Task directions:
Could you write out, exactly and with no pictures, every line from the one containing "How's it going" through the last line of the entries?

:::::

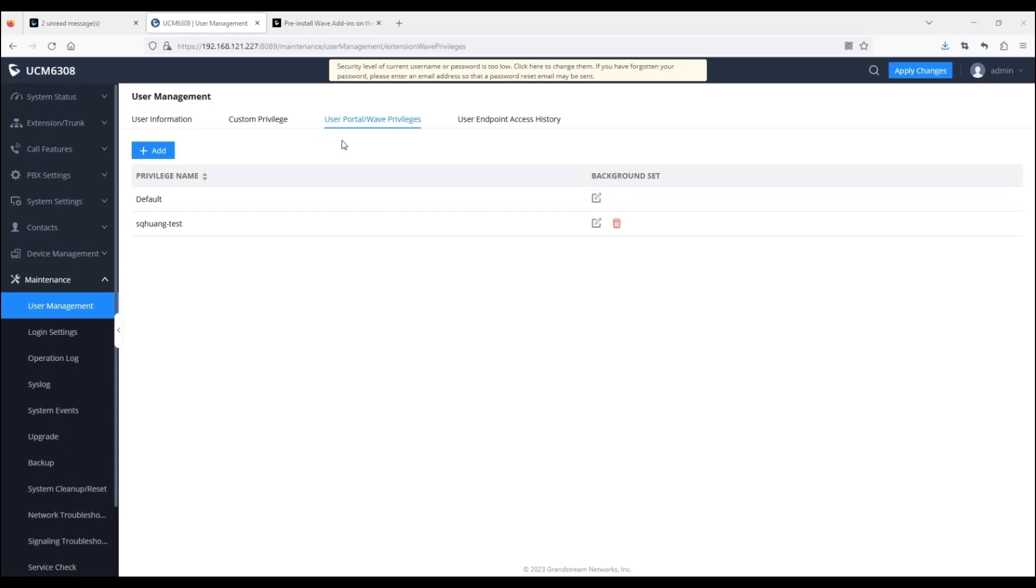Here, you can see the list of all available privileges, which are sets of permissions that you can create and configure. The default privilege has access to all available WAVE features and functions, and is the default privilege for all users.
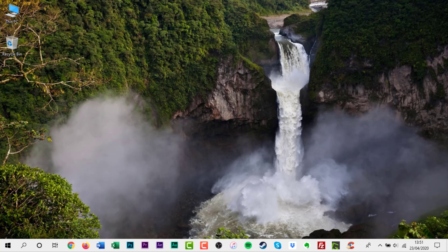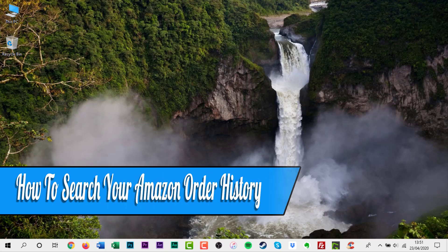Hello everyone and welcome back to another how-to tutorial. In this video I will show you how to search your Amazon order history.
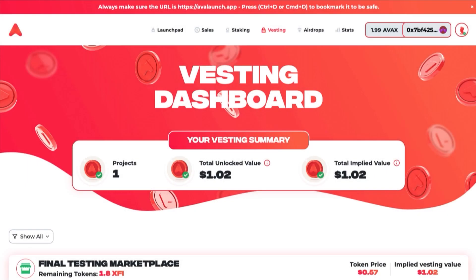Welcome to Avalanche. We're excited to introduce the Avalanche Vesting Dashboard and Vesting Marketplace. First, let's discuss the Vesting Dashboard.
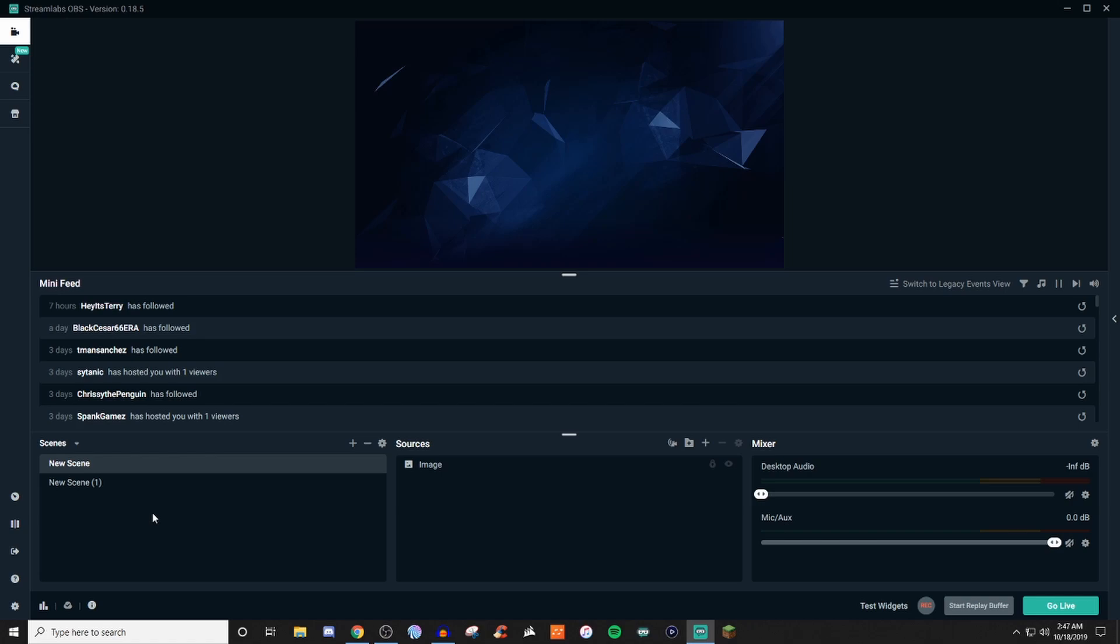How's it going everyone? John here. Welcome back to another Streamlabs OBS tutorial. If you're new to the channel or new to the series and you're wanting to learn more about Streamlabs OBS or you're wanting to learn about streaming, then go ahead and take a look at the other content on the channel and if you're enjoying it, be sure to go ahead and subscribe.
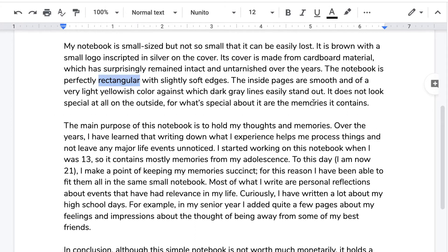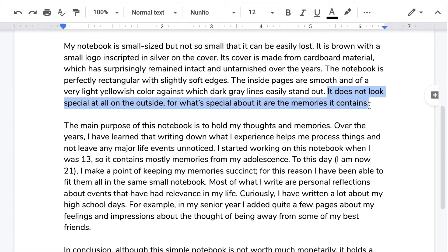Second question: which sentence indicates a transition to the next paragraph? You might have identified the last sentence. Let's read it and break it down: 'It — or the notebook — does not look special at all on the outside.' It's physically simple. 'For what's special about it are the memories it contains.' Half the sentence addresses the physical description of the notebook, and the other half refers to the meaning of the diary — which is exactly the topic of the next body paragraph.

:::::

Solution below:
How's it going everyone? John here. Welcome back to another Streamlabs OBS tutorial. If you're new to the channel or new to the series and you're wanting to learn more about Streamlabs OBS or you're wanting to learn about streaming, then go ahead and take a look at the other content on the channel and if you're enjoying it, be sure to go ahead and subscribe.
Second question: which sentence indicates a transition to the next paragraph? You might have identified the last sentence. Let's read it and break it down: 'It — or the notebook — does not look special at all on the outside.' It's physically simple. 'For what's special about it are the memories it contains.' Half the sentence addresses the physical description of the notebook, and the other half refers to the meaning of the diary — which is exactly the topic of the next body paragraph.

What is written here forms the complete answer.